Task to carry out:
The entries that follow should be repeated exactly, with no pictures kept.

Material provided:
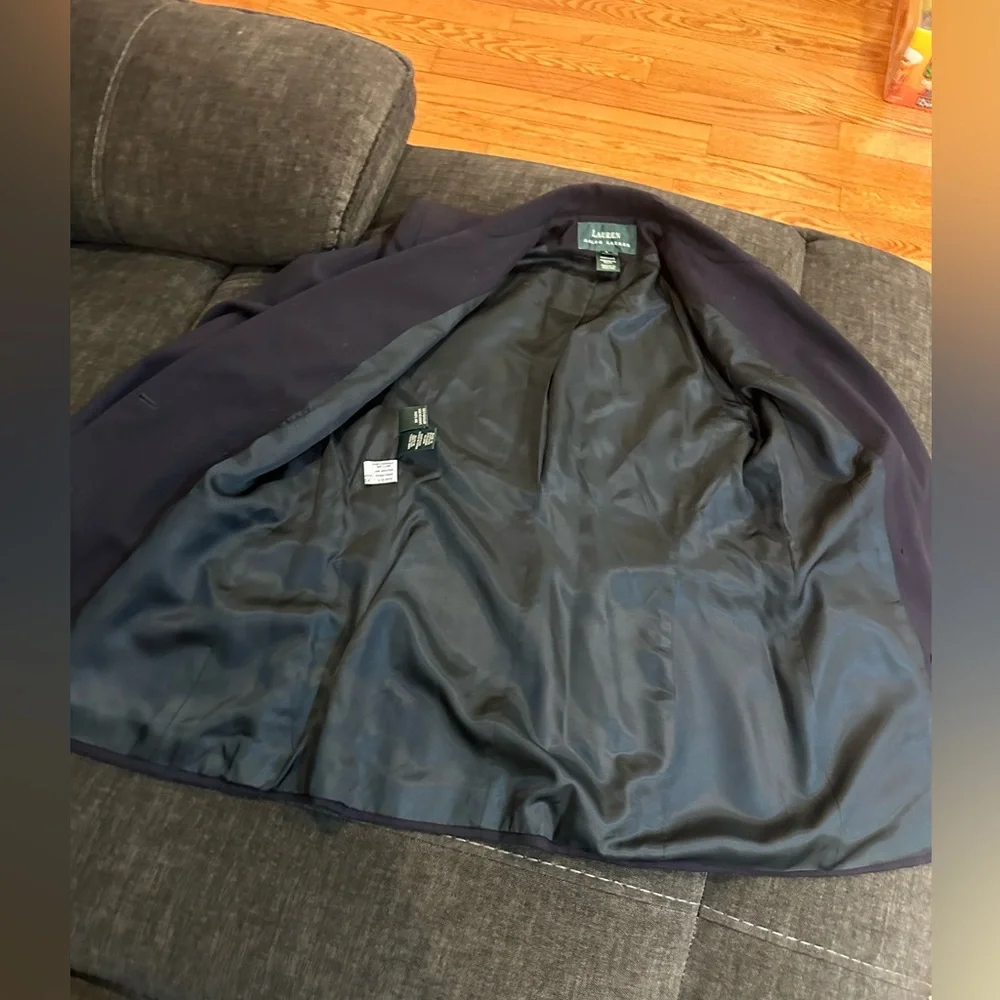 Vintage Ralph Lauren Navy Double-Breasted Wool Blazer Size Medium - Picture 7 of 16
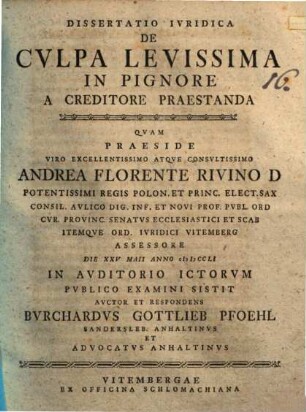 Diss. iur. de culpa levissima in pignore a creditore praestanda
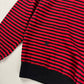 Christian Dior Red Black Marinière Stripe Wool Elasticated Waist Knit Crewneck Sweater SS 2017 - M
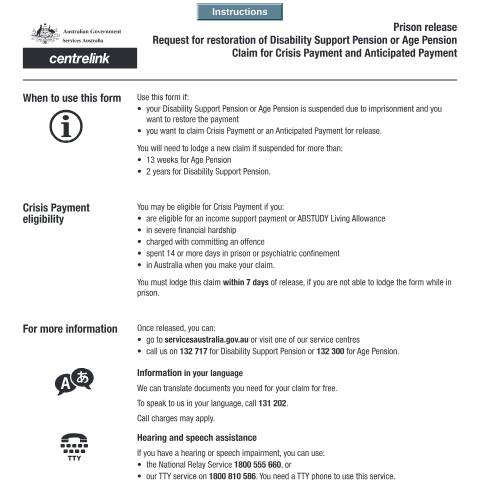 Document preview: Request for restoration of Disability Support Pension or Age Pension Claim for Crisis Payment and Anticipated Payment — Services Australia — Individuals (by code), Australia (CERFA n°SU695)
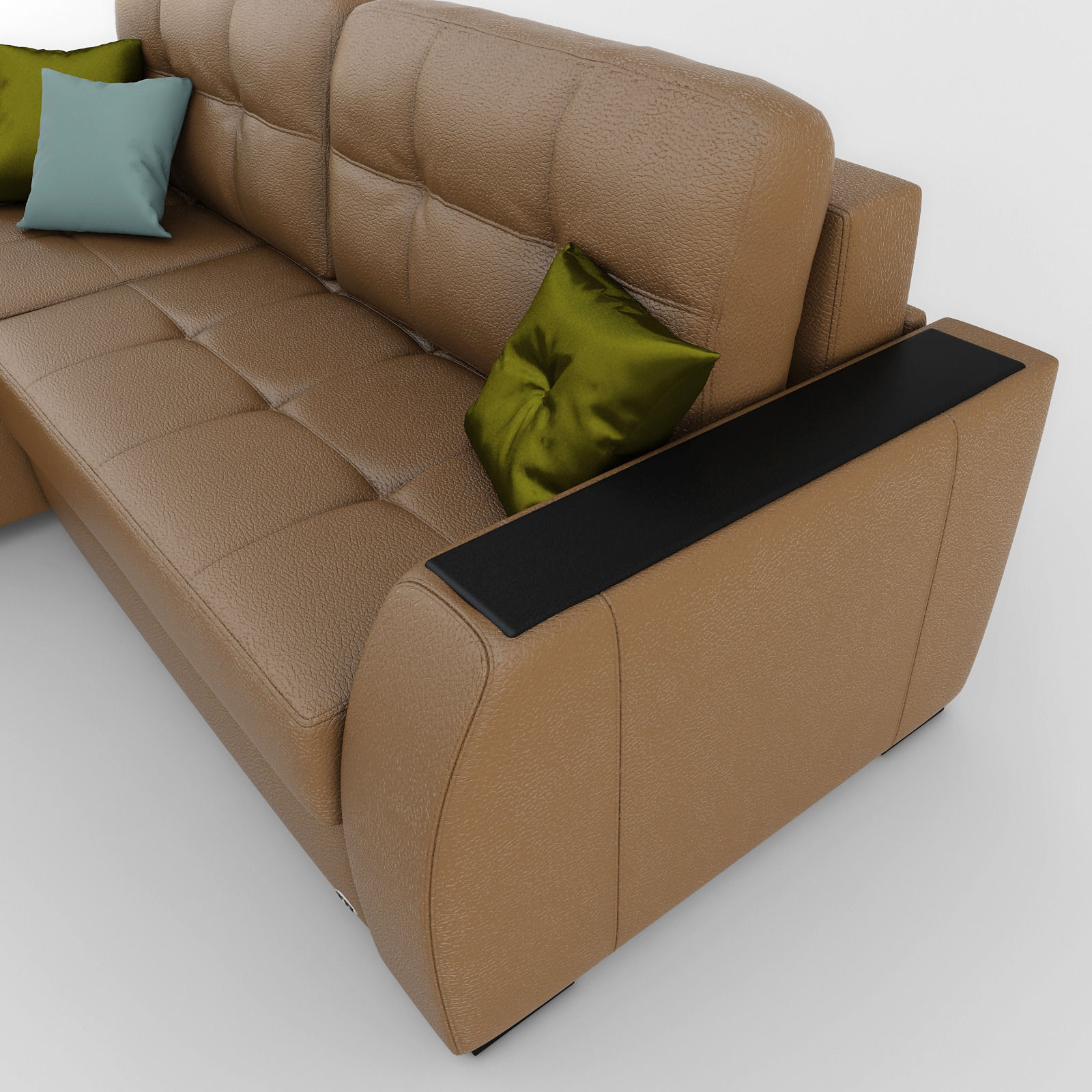 Sofa leather sectional 3D model_8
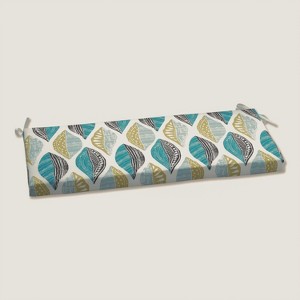18" x 45" Leaf Block Bench Cushion with Ties, Fade-Resistant - Pillow Perfect - 1 of 4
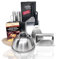 DREIBERG® Smash Burger Set aus Edelstahl für Plancha, Gasgrill, Teppanyaki inkl. Grillspachtel Set, Burgerpapier, Schmelzglocke, Grillpresse, Gewürzstreuer und Rezeptbuch (7-TLG.)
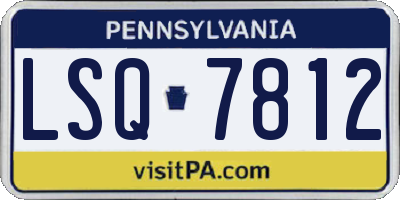 PA license plate LSQ7812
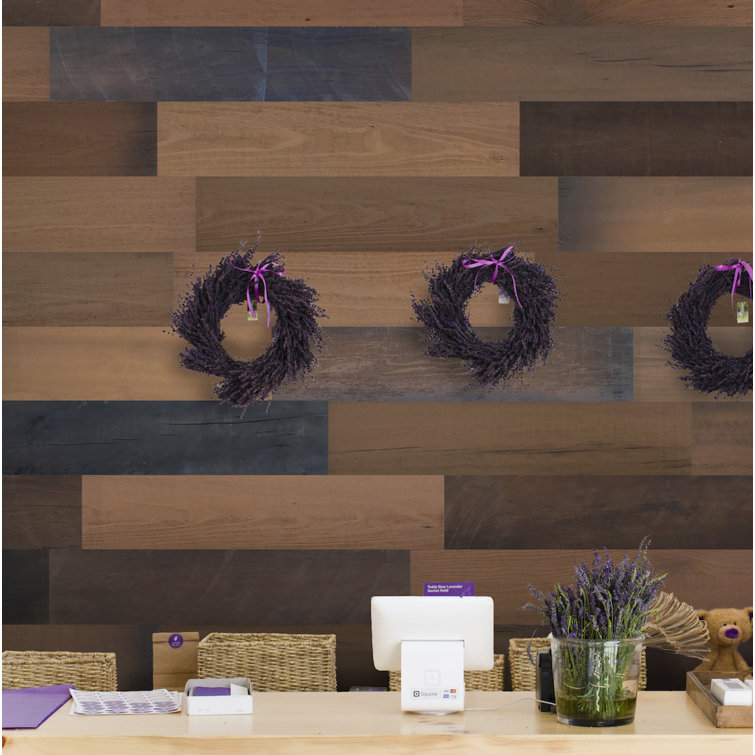 Distressed Antique Brown Poplar Wood Wall Planks, 4 ft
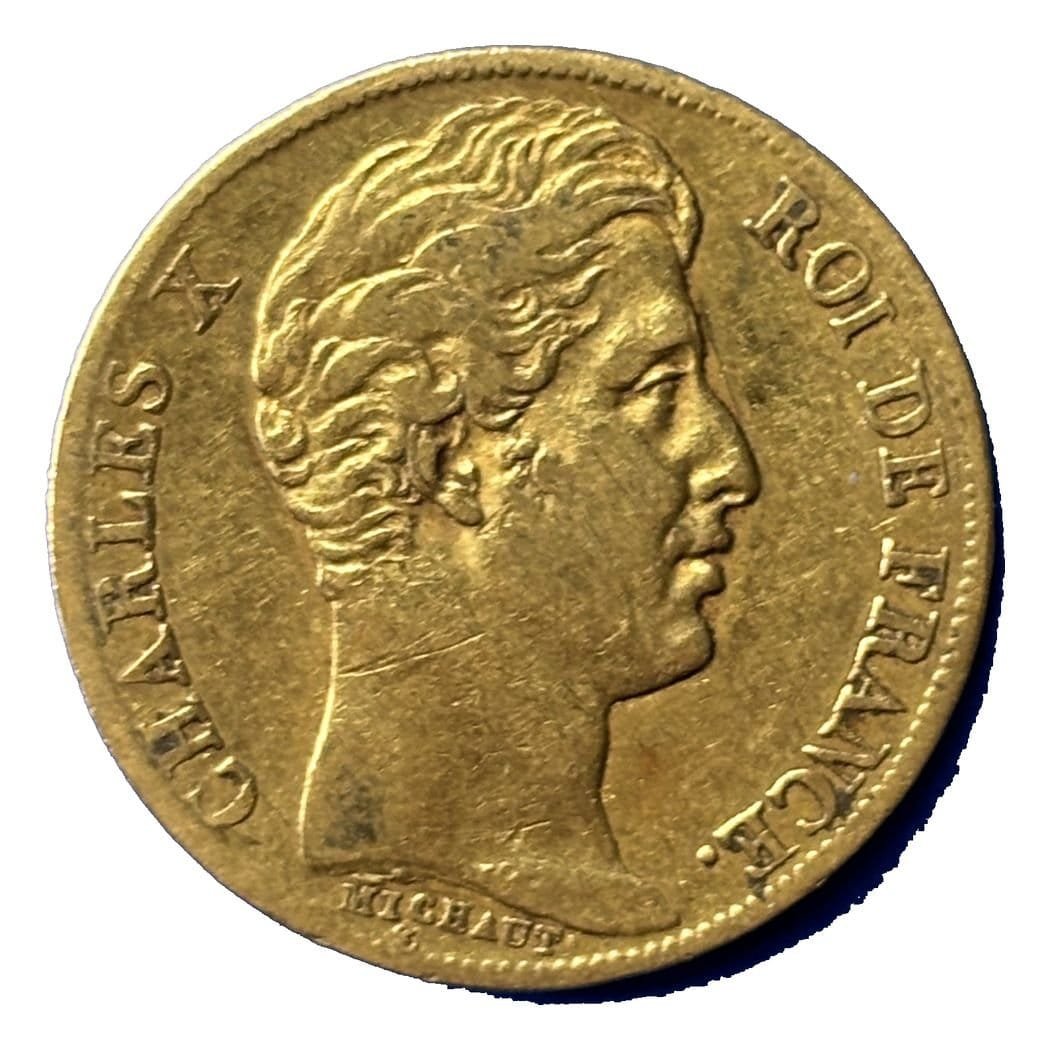 20 francs or Charles X 1829 A TTB - 4 feuilles ½ - droit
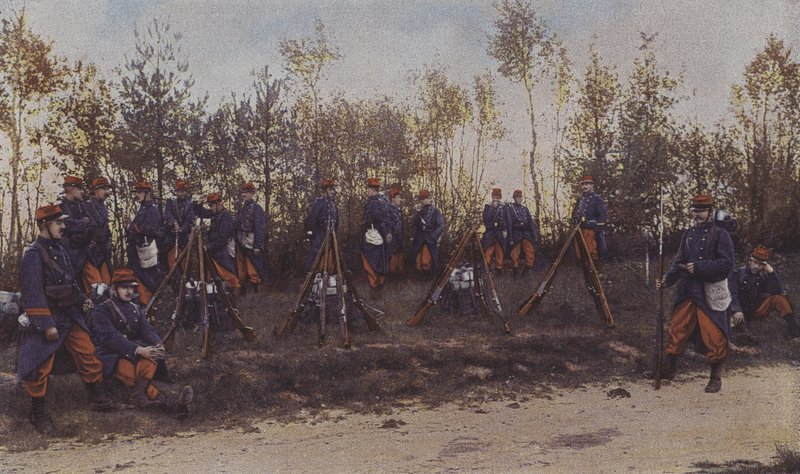 French infantry on manoeuvres by French Photographer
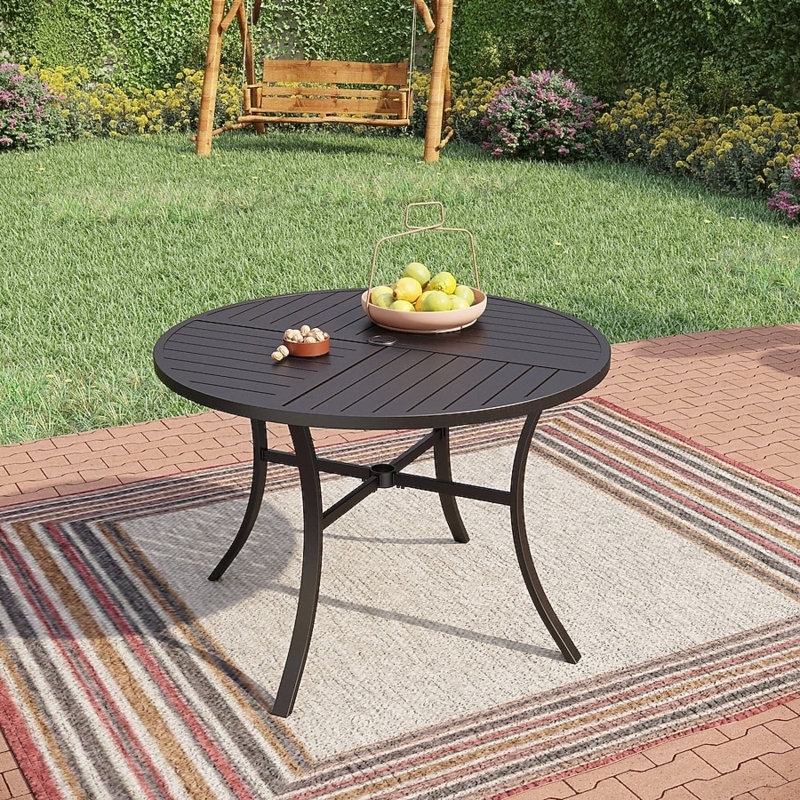 Outdoor Dining Table Black Metal Slatted Top Curved Legs X-Base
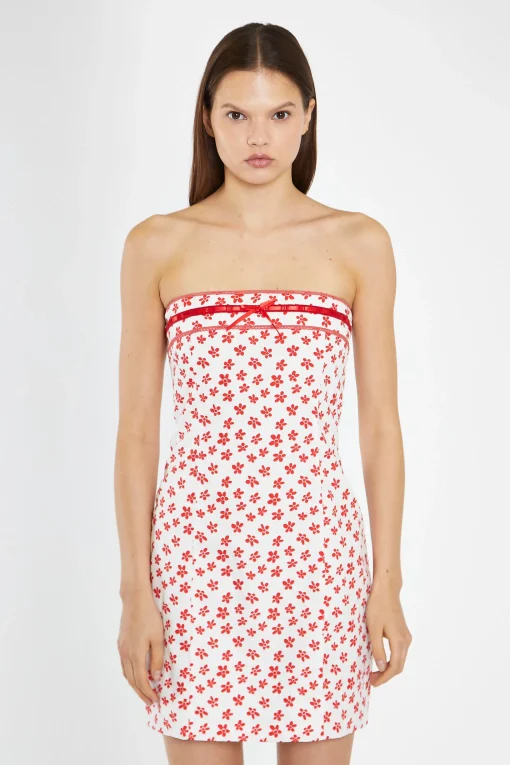 Glamorous Day Dresses|Mini Dresses|White-Red Daisy Fitted Bandeau Mini-Dress -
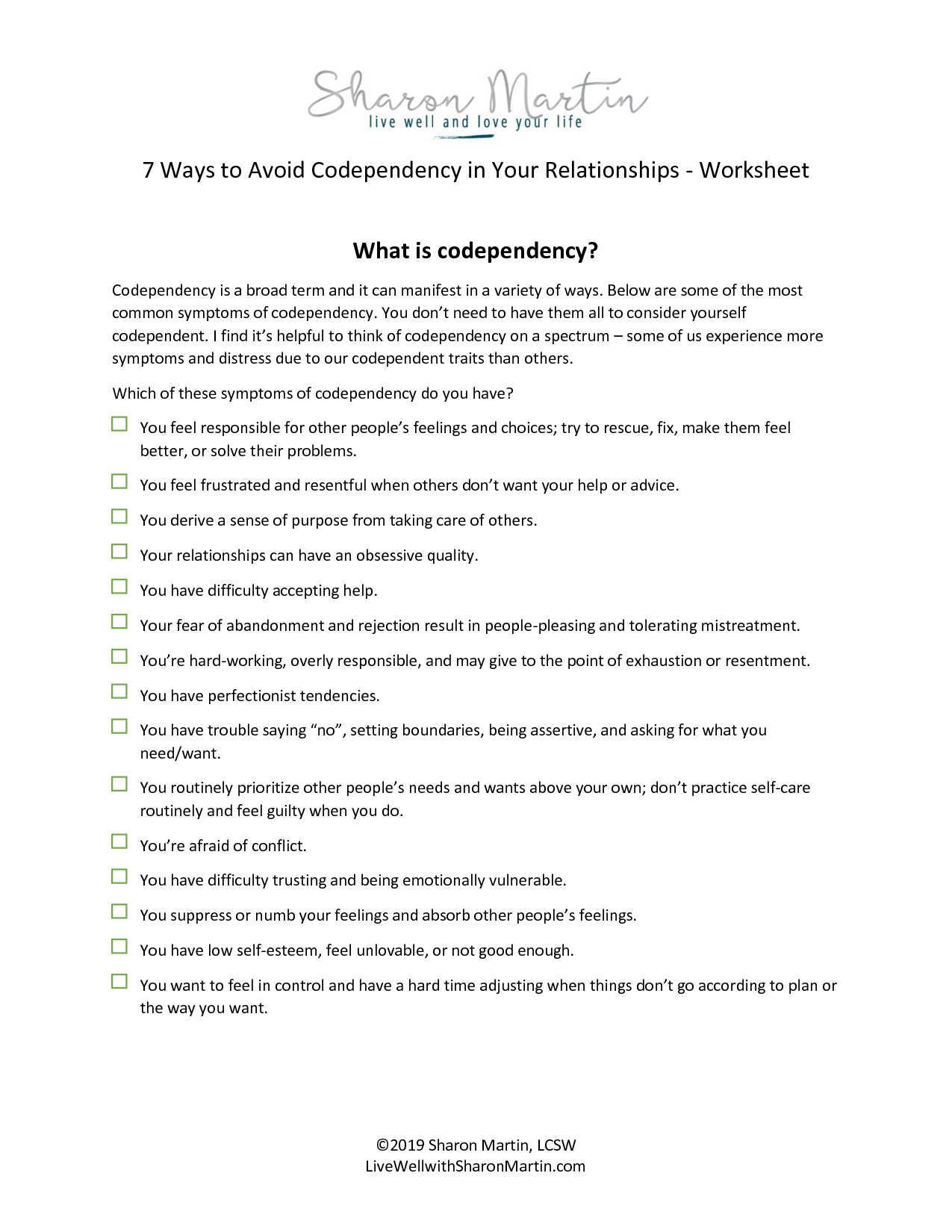 codependency worksheet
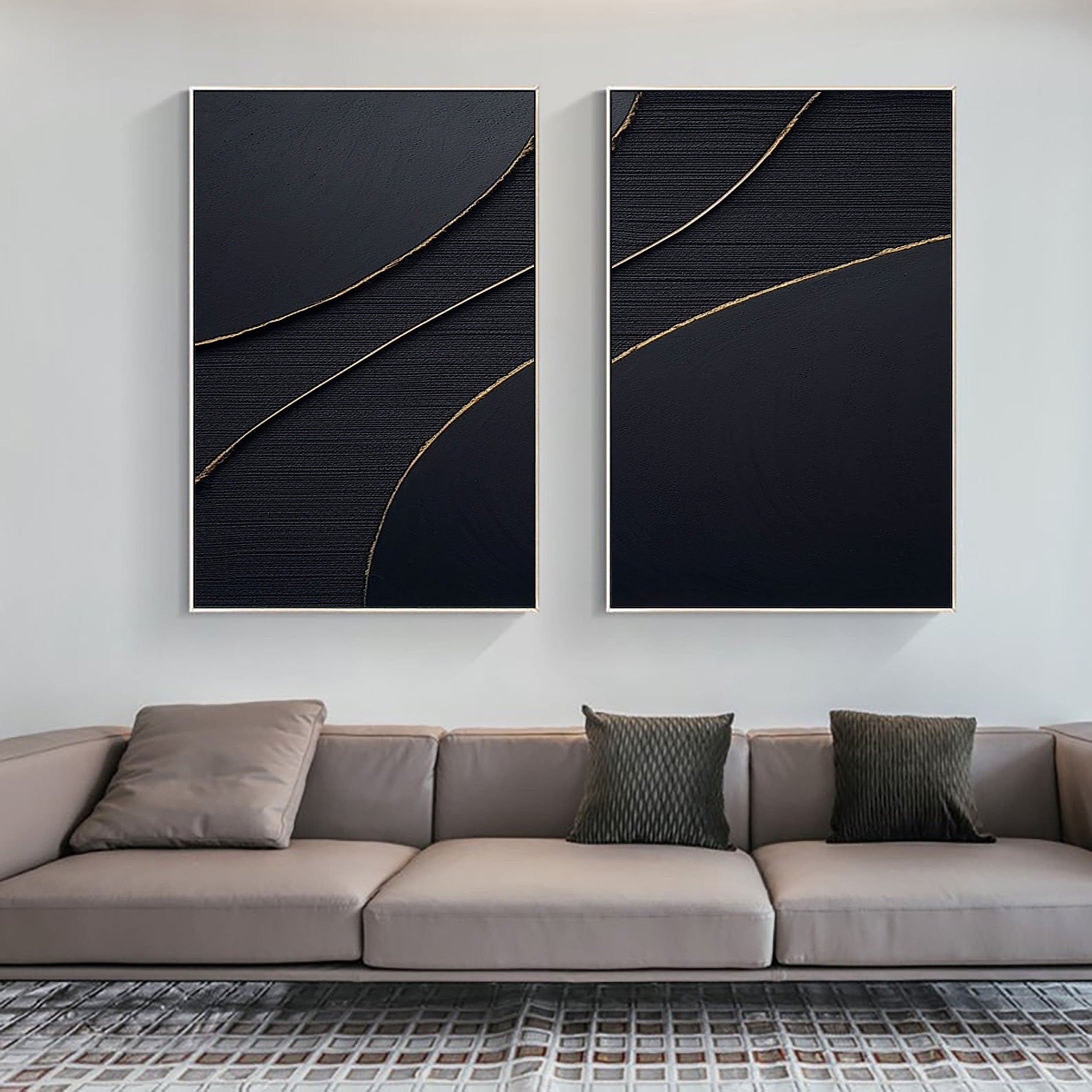 Gold Black Textured Minimalist Wall Art, Large Abstract Painting On Canvas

Expected answer:
 Vintage Ralph Lauren Navy Double-Breasted Wool Blazer Size Medium - Picture 7 of 16
 Diss. iur. de culpa levissima in pignore a creditore praestanda
 Christian Dior Red Black Marinière Stripe Wool Elasticated Waist Knit Crewneck Sweater SS 2017 - M
 Document preview: Request for restoration of Disability Support Pension or Age Pension Claim for Crisis Payment and Anticipated Payment — Services Australia — Individuals (by code), Australia (CERFA n°SU695)
 Sofa leather sectional 3D model_8
18" x 45" Leaf Block Bench Cushion with Ties, Fade-Resistant - Pillow Perfect - 1 of 4
 DREIBERG® Smash Burger Set aus Edelstahl für Plancha, Gasgrill, Teppanyaki inkl. Grillspachtel Set, Burgerpapier, Schmelzglocke, Grillpresse, Gewürzstreuer und Rezeptbuch (7-TLG.)
 PA license plate LSQ7812
 Distressed Antique Brown Poplar Wood Wall Planks, 4 ft
 20 francs or Charles X 1829 A TTB - 4 feuilles ½ - droit
 French infantry on manoeuvres by French Photographer
 Outdoor Dining Table Black Metal Slatted Top Curved Legs X-Base
 Glamorous Day Dresses|Mini Dresses|White-Red Daisy Fitted Bandeau Mini-Dress -
 codependency worksheet
 Gold Black Textured Minimalist Wall Art, Large Abstract Painting On Canvas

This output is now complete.